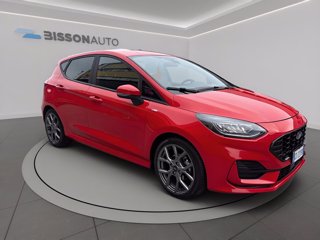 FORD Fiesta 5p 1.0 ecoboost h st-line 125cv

=====

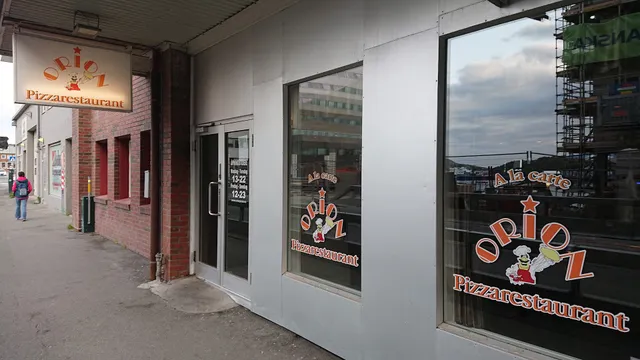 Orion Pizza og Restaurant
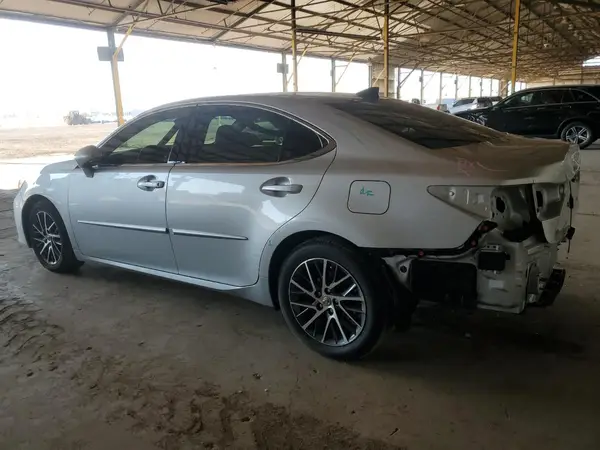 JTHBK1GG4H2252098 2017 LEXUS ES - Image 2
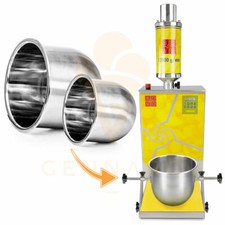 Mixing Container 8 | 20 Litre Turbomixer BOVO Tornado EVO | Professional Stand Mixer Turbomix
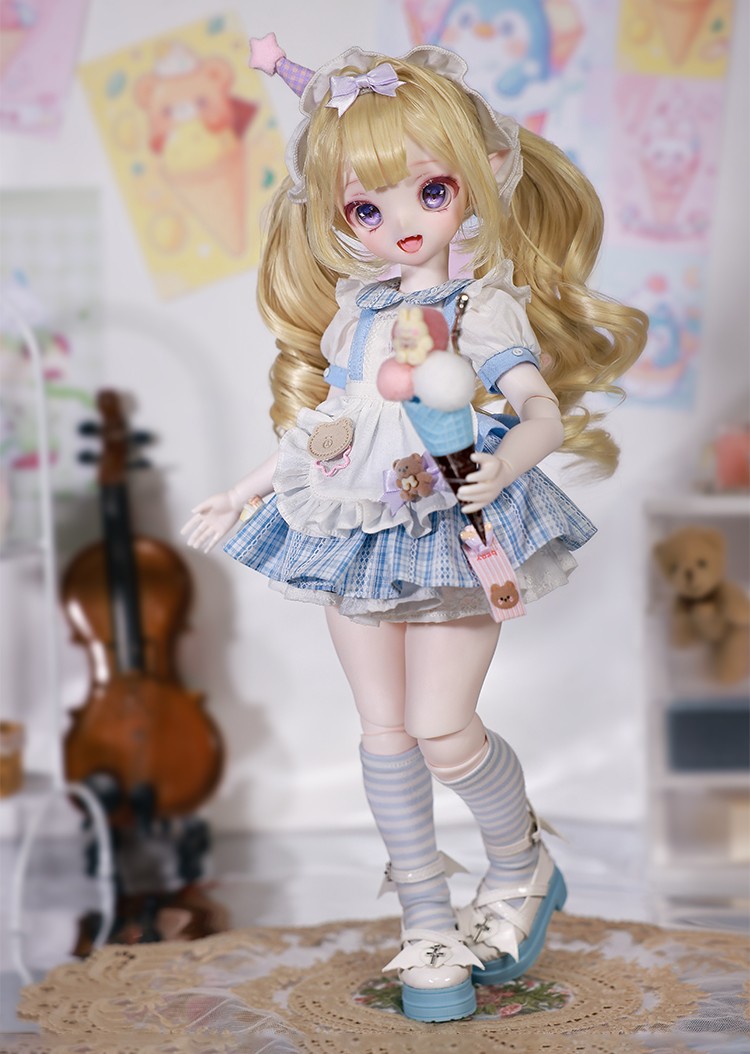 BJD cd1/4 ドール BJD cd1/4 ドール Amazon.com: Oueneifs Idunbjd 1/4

=====

== Instructions to follow ==
Repeat exactly, and only, the entries from the line with "Orion Pizza og Restaurant" through the line with "BJD cd1/4 ドール BJD". Pictures are skipped.

== Result of this task ==
 Orion Pizza og Restaurant
 JTHBK1GG4H2252098 2017 LEXUS ES - Image 2
 Mixing Container 8 | 20 Litre Turbomixer BOVO Tornado EVO | Professional Stand Mixer Turbomix
 BJD cd1/4 ドール BJD cd1/4 ドール Amazon.com: Oueneifs Idunbjd 1/4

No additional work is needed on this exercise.